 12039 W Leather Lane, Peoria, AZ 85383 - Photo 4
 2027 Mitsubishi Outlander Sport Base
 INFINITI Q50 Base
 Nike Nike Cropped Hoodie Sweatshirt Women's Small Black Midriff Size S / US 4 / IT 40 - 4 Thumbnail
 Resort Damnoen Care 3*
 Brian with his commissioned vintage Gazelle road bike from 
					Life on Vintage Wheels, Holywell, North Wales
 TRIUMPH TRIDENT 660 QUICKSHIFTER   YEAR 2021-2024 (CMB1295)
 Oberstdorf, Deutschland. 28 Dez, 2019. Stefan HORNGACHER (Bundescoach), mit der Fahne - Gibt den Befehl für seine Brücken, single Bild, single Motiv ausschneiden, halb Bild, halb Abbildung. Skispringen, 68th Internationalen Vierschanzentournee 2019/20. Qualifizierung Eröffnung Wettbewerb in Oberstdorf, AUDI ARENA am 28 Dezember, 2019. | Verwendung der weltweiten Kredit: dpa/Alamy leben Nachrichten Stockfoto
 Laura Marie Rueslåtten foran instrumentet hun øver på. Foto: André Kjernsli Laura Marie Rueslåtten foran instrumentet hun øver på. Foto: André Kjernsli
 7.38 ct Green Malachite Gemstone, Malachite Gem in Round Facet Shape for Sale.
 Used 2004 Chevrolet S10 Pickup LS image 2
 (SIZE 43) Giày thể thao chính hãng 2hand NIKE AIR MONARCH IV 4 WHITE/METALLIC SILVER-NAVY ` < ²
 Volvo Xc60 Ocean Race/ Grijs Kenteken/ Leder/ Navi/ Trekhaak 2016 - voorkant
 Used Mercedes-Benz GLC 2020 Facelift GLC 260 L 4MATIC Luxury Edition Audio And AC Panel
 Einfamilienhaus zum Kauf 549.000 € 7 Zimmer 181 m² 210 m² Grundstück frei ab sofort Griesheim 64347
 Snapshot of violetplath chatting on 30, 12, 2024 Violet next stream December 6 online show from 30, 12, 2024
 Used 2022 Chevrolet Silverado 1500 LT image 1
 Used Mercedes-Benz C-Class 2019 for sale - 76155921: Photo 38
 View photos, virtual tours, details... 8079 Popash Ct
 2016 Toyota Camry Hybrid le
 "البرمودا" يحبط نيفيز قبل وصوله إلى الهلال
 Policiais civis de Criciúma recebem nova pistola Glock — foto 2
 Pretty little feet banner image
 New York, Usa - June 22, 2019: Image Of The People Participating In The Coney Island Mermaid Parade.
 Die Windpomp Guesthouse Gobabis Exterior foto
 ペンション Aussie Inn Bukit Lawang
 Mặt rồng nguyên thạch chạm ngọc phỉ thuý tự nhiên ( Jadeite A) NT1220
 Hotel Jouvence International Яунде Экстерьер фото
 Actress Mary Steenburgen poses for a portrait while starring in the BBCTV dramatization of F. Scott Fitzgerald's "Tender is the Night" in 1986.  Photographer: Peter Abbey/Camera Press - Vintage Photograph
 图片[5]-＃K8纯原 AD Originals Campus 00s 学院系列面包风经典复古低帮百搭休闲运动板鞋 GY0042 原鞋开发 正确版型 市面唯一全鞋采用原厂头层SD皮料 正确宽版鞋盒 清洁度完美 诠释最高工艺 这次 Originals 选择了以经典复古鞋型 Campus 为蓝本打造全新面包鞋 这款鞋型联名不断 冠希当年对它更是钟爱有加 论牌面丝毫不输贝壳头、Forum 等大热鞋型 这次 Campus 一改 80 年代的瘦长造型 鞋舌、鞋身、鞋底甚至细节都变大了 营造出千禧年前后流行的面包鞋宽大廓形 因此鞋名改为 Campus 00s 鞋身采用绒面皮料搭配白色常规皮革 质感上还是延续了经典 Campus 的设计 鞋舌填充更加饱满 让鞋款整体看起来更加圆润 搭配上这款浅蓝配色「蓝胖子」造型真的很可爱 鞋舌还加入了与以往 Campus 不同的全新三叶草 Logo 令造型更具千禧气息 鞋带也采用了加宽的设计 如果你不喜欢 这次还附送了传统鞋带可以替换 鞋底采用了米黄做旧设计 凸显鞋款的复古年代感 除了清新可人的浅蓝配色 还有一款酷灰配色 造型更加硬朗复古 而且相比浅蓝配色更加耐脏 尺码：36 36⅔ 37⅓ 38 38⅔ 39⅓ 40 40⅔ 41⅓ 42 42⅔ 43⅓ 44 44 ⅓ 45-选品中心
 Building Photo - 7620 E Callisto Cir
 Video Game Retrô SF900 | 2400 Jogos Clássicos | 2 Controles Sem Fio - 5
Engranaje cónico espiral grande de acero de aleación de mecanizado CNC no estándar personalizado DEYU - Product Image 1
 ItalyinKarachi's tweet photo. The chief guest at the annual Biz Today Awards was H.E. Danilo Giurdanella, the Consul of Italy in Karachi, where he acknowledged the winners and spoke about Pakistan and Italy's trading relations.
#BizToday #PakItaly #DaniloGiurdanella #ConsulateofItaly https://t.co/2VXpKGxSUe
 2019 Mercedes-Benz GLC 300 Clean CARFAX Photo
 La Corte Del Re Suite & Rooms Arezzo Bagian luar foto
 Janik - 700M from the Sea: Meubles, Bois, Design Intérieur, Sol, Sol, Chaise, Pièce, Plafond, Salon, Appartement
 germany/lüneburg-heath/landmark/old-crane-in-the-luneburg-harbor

====

### Your instructions
Quote the listing above, but only from the line that shows "New York, Usa" through the line that shows "Actress Mary Steenburgen".

### Task response
 New York, Usa - June 22, 2019: Image Of The People Participating In The Coney Island Mermaid Parade.
 Die Windpomp Guesthouse Gobabis Exterior foto
 ペンション Aussie Inn Bukit Lawang
 Mặt rồng nguyên thạch chạm ngọc phỉ thuý tự nhiên ( Jadeite A) NT1220
 Hotel Jouvence International Яунде Экстерьер фото
 Actress Mary Steenburgen poses for a portrait while starring in the BBCTV dramatization of F. Scott Fitzgerald's "Tender is the Night" in 1986.  Photographer: Peter Abbey/Camera Press - Vintage Photograph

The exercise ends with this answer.